É comovente ler Clarice dando conselhos sobre a profissão que abraçou para a garotinha Andréa Azulay, filha de seu psicanalista Jacob David Azulay. “Desejo-lhe que nunca atinja a cruel popularidade porque esta é ruim e invade a intimidade sagrada do coração da gente. Escreva sobre ovo que dá certo. Dá certo também escrever sobre estrela. E sobre a quentura que os bichos dão à gente.” Curiosidade: Andréa é hoje advogada. Para Erico Verissimo e a mulher, Mafalda, sempre escrevia à mão. Numa das cartas, antes de fazer um preâmbulo sobre o fato de ela e o marido, Maury, não terem religião, pede ao casal Verissimo para ser padrinho dos filhos, Pedro e Paulo, avisando: “A condição única é continuarem a gostar deles.”

Mãe apaixonada e atenta, ela sempre se comunicava com os filhos, principalmente nas viagens deles.
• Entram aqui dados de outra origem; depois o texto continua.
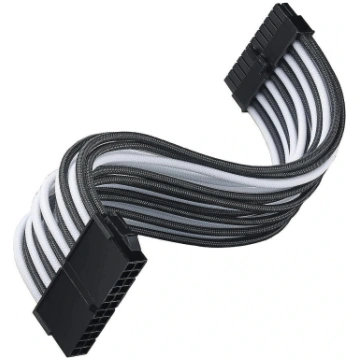 SilverStone ATX 24-Pin-Kabel 300mm - Schwarz/Weis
Clarice entendia a distância das raízes. Imigrou com a família da Ucrânia para o Brasil com apenas dois meses de idade. Passou a infância no Recife e, em 1937, fixou residência no Rio de Janeiro. Em 1943 publicou seu primeiro romance, Perto do coração selvagem, já antecipando os dramas existencialistas que caracterizariam sua obra. Casada com um diplomata, viveu 15 anos longe do País. Escreveu duas cartas ao presidente Getúlio Vargas, ambas contidas no livro, pedindo para ser naturalizada brasileira. Além de romances como A cidade sitiada (1949), A maçã no escuro (1961) e A paixão segundo G.H. (1964), entre outros, escreveu os contos Laços de família (1972). O romance A hora da estrela (1977) virou filme de Suzana Amaral em 1985, com Marcélia Cartaxo no papel principal. Por coincidência, a atriz também é protagonista do curta-metragem Aeroporto em O embarque, dirigido por Nicole Algranti, sobrinha-neta de Clarice. O curta-metragem é uma sensível homenagem à escritora.